Welcome to the modern hiring experience, where fatigue quietly reshapes outcomes, where great candidates are buried under bad processes, and where the system fails not because it’s malicious… but because it’s misaligned.

This isn’t just a job seeker’s story.
It’s also a founder’s. A recruiter’s. A manager’s.
Because no matter which side of the hiring table you sit on, the cracks are showing.

Let’s walk through it, clearly, honestly, and practically.

 

When “Good Enough” Becomes the Goal

Years ago, I hired three people back-to-back under pressure. We needed to fill roles quickly. The candidate quality was poor, but the vacancies couldn’t stay open.

I compromised.

I told myself we’d manage the gaps.
They didn’t make it past probation.

It didn’t bankrupt us. It didn’t explode in drama.
But it cost time, momentum, and energy I didn’t have.

The real cost wasn’t just restarting the hiring process.
It was the loss of belief, the moment you go from, “Let’s build something great,” to “Let’s just get through this.”

 

From Fatigue to Friction, A Day in the Process

Now switch seats.

You're a job seeker in South Africa, or anywhere with a wide job gap and limited opportunities.
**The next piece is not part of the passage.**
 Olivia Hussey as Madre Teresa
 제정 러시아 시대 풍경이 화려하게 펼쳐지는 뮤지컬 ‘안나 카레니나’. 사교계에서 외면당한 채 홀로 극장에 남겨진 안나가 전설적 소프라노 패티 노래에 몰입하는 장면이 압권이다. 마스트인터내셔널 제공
You’re unemployed, qualified, and actively applying.

You find five roles. You apply.
Then another five. And another five.

Hours pass. You’re exhausted. You’ve only submitted 15 applications.
Not because you weren’t working, but because each site, each portal, each form demands the same information over and over again.

Your CV holds it all. But the system doesn’t care.
You’re forced to retype your history line by line.
Your time is devalued before the hiring process even begins.

The friction builds. The fatigue sets in.
And by the 20th application, your energy is gone.

This isn’t laziness. It’s inefficiency.
It’s a workflow that drains the very people it’s trying to attract.

 

The Joke That Isn’t Funny

Ask any recruiter or hiring manager, and they’ll tell you, with a half-smile:

“Just wait until the job goes live. The flood begins.”

They’ve said it so often, it’s become a meme.

Because they know what’s coming:

  • Dozens of applicants with no relevant experience

  • Pages of buzzwords and keyword stuffing

  • People applying out of hope, not fit

It’s not that job seekers are wrong to try.
They’re being forced to be aspirational, there aren’t enough jobs to go around.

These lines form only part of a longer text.